High Desert Doctor Arrested on Federal Narcotics Charges for Issuing Prescriptions Without Medical Need after Telemedicine Sessions
LOS ANGELES (STL.News) A High Desert physician remains in federal custody today after his arrest Wednesday on charges of illegally dispensing prescriptions for often-abused controlled substances – including opioid-based medications – during telemedicine sessions with “patients” from across the United States.
Dr. Raphael Tomas Malikian, 36, who resides in Llano and Palmdale and called his medical practice Happy Family Medicine, was arrested Wednesday afternoon by special agents with the Drug Enforcement Administration.
An indictment naming Malikian was unsealed at his arraignment Thursday evening, when Malikian entered not guilty pleas and a United States Magistrate Judge ordered him detained pending trial, which is currently scheduled for October 5.
Malikian is charged in an 11-count indictment with illegally distributing narcotics “while acting and intending to act outside the usual course of professional practice and without a legitimate medical purpose.” The controlled substances that Malikian allegedly distributed are oxycodone, hydrocodone, alprazolam, promethazine and codeine.

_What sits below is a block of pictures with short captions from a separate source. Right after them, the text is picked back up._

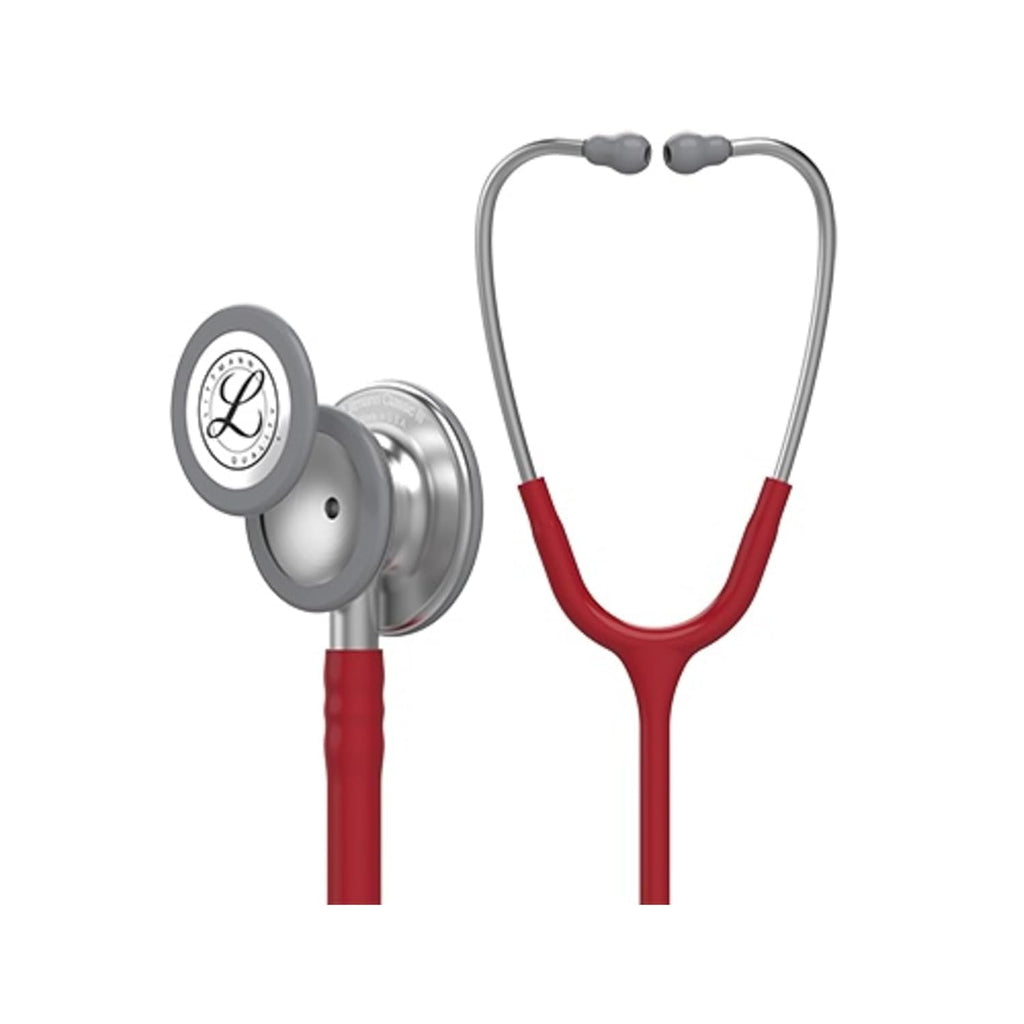 3M Littmann Classic II Paediatric Stethoscope (2113R) - Stainless Steel Chestpiece Red Tube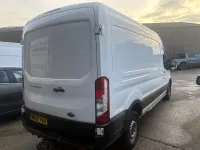 Used Ford Transit 130 HP (95 kW) 2022 White Van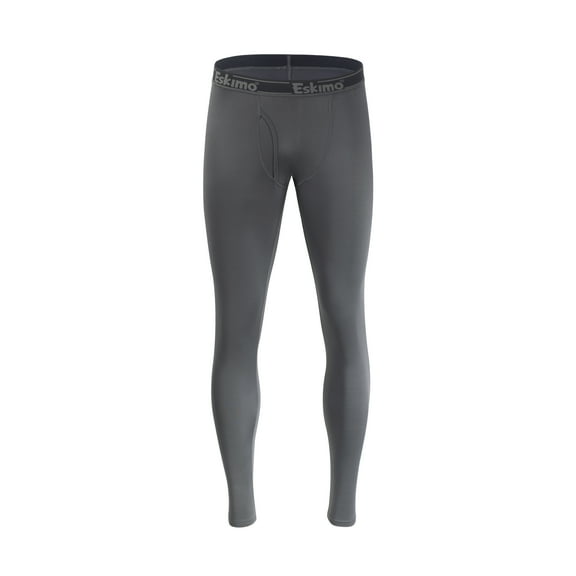Eskimo Men's Midweight Baselayer Pants, Medium, Black, 39334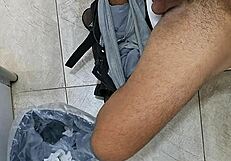 What’s hotter than Brazilian Diogo stroking himself solo in a steamy 12-minute clip?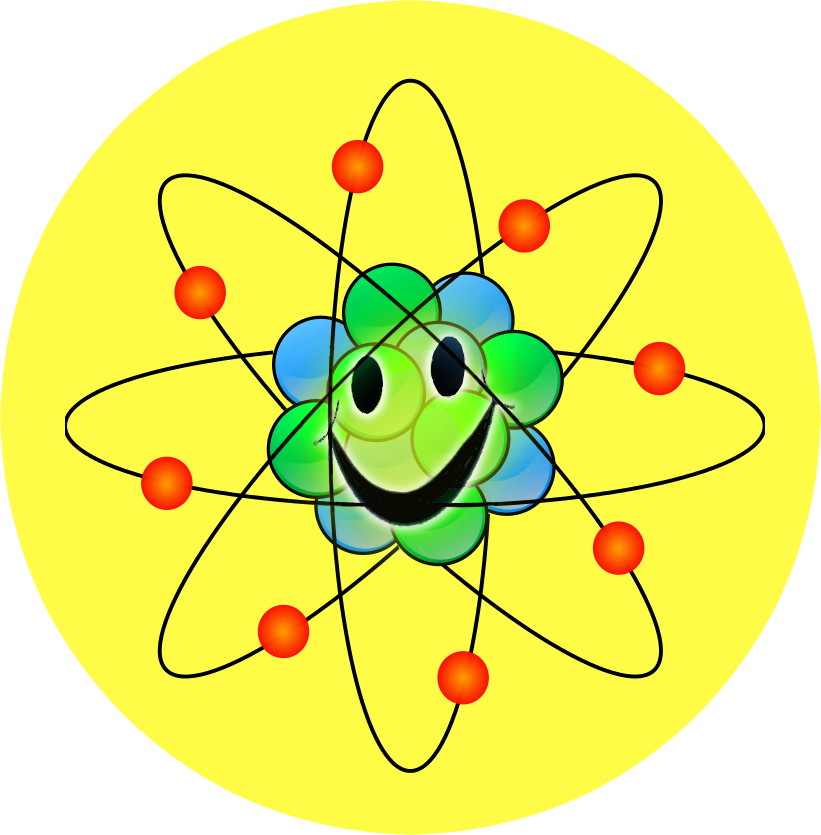 Nuclear energy clipart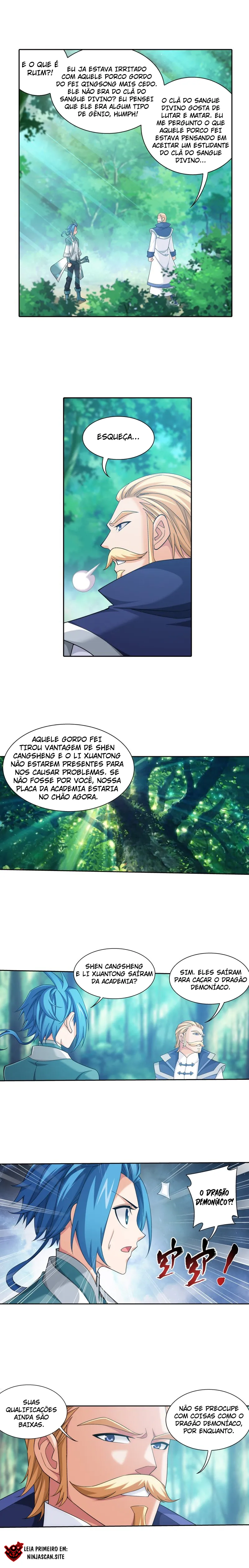 Read O Grande Governante Manga Online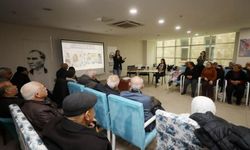 Yenimahalle Yaşlı Dayanışma Merkezleri'nde Diş Sağlığı Eğitimi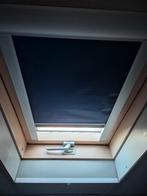 Fakro verduistering gordijn dakraam, Huis en Inrichting, Blauw, Zo goed als nieuw, Minder dan 100 cm, 50 tot 100 cm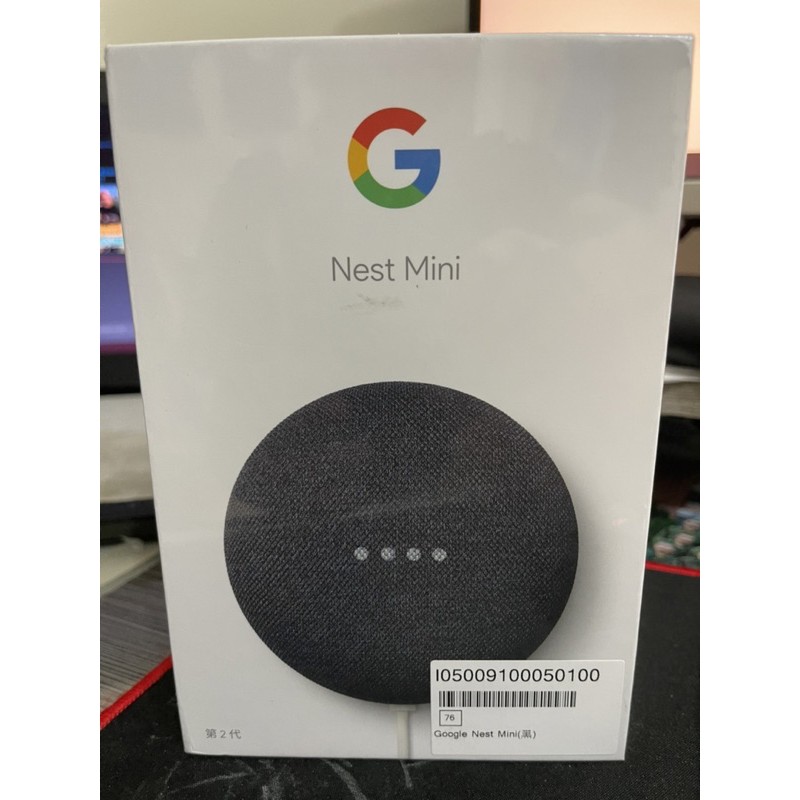 GOOGLE Nest Mini 第二代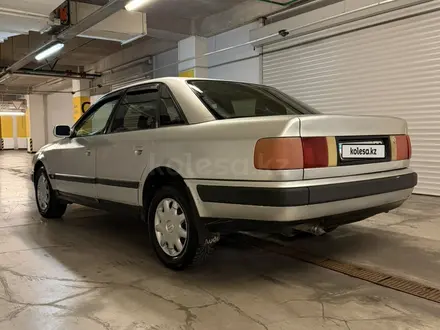 Audi 100 1991 года за 1 250 000 тг. в Алматы – фото 4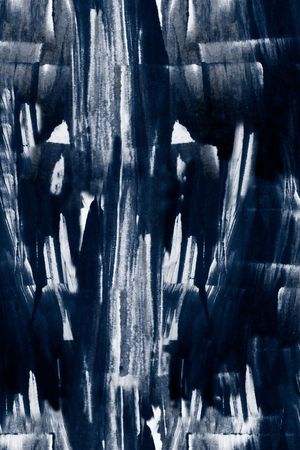 抽象笔刷印花华亿平台图片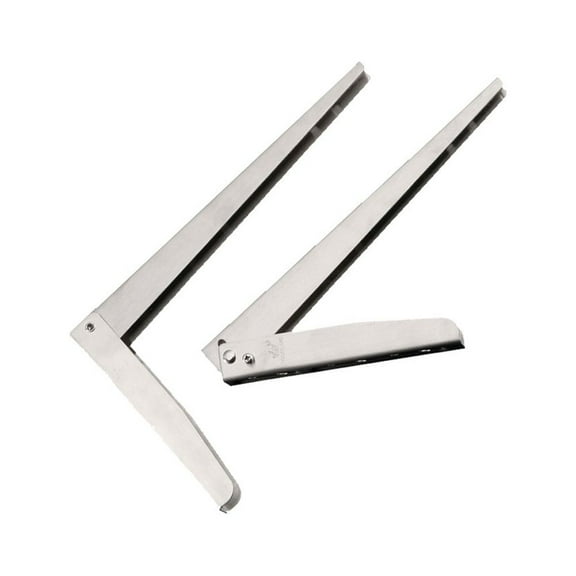 Wall Mounted Shelves Loaded Bracket Folding Support Shelf Wall Bracket Rack Floating Shelf Stand Mounting Shelf Bracket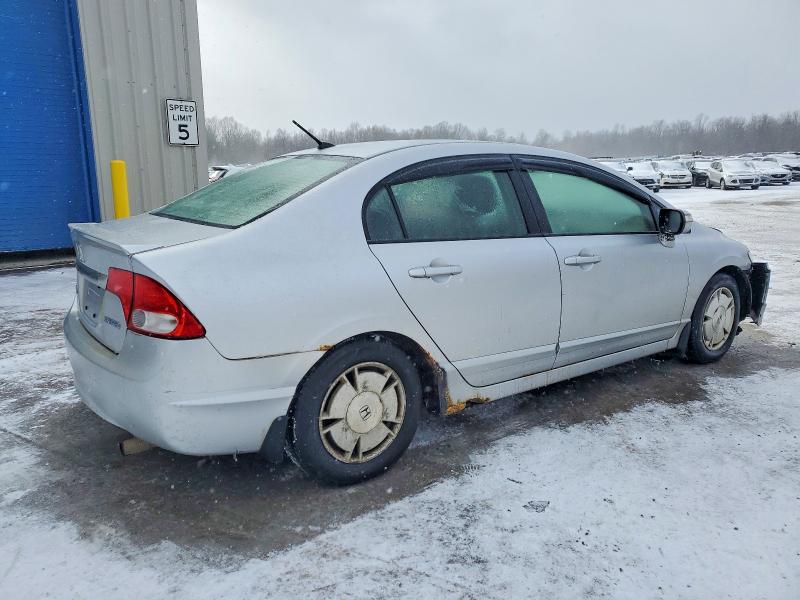 Photo 3 from auction – 2009 HONDA CIVIC HYBR with VIN JHMFA36259S010346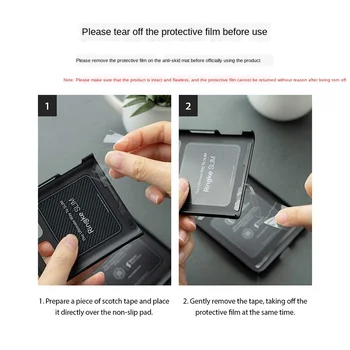 Samsung Galaxy Z Flip Case PC Materiāla Vienkāršā Lietā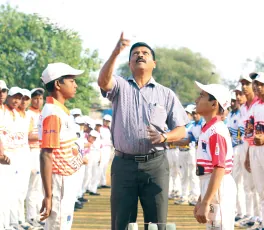 On a winning wicket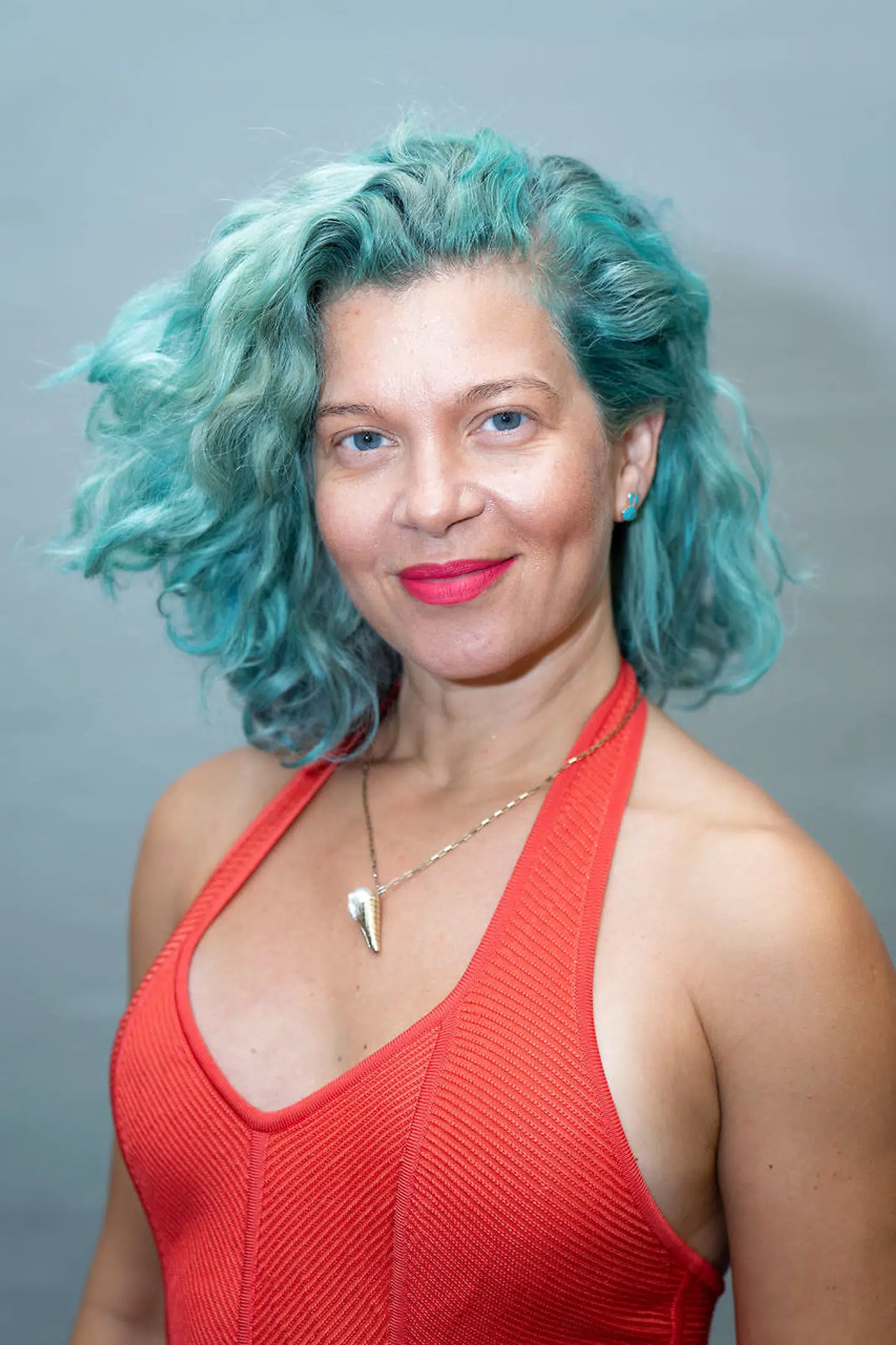 Radiovært Sara Bro til 'Vild med dans' pressemøde i København, tirsdag den 8. september 2020. (Foto: Emil Helms/Ritzau Scanpix)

The DEA investigation was prompted by multiple reports in February 2020 of suspicious prescriptions issued by Malikian. The indictment alleges specific incidents in which Malikian prescribed controlled substances without a medical purpose after seven telemedicine consultations – including one conducted entirely via text message – starting in April 2020 and continuing through July 2020. None of the consultations involved any physical exam or diagnostic tests, and the appointments lasted as little as 2 minutes and 20 seconds.
A federal judge on Thursday unsealed search warrants executed at Malikian’s residences in conjunction with his arrest. The affidavit in support of the search warrants outlines the DEA’s investigation, which included various undercover operations in which agents from the DEA and California DOJ posed as patients and received the prescriptions that form the basis of the indictment. The DEA agent who authored the affidavit concluded that Malikian “effectively sells prescriptions for controlled substances to patients upon request, and does so without obtaining a patient’s medical history or conducting a physical examination.”
According to the affidavit, an independent medical expert reviewed the interactions between Malikian and the undercover agents and “concluded that Malikian ‘did not thoroughly evaluate his patients’ before prescribing ‘potent and potentially deadly medications,’ and had done so ‘without any regard to what is required of conscientious physicians in the United States before proceeding with controlled medications.’”
A DEA investigator also reviewed patient records maintained by Malikian, which showed that Malikian saw patients across the United States and that about 43 percent of them shared common addresses, email addresses, “caregivers” or phone numbers with other patients. According to the affidavit, one of those patients was a convicted narcotics trafficker and another was stopped at Los Angeles International Airport while carrying over $19,000 in cash and approximately 1,764 Hydrocodone and Alprazolam pills.
An indictment contains allegations that a defendant has committed a crime. Every defendant is presumed innocent until and unless proven guilty beyond a reasonable doubt.
The charges alleged in the indictment carry different statutory maximum sentences. Seven of the counts allege the illegal distribution of opioids, such as oxycodone, and those charges carry a maximum possible penalty of 20 years in federal prison.
The DEA is conducting an ongoing investigation in this case. The California Department of Justice, Bureau of Medi-Cal Fraud and Elder Abuse provided substantial assistance.
Assistant United States Attorney Marina A. Torres of the International Narcotics, Money Laundering, and Racketeering Section is prosecuting this case.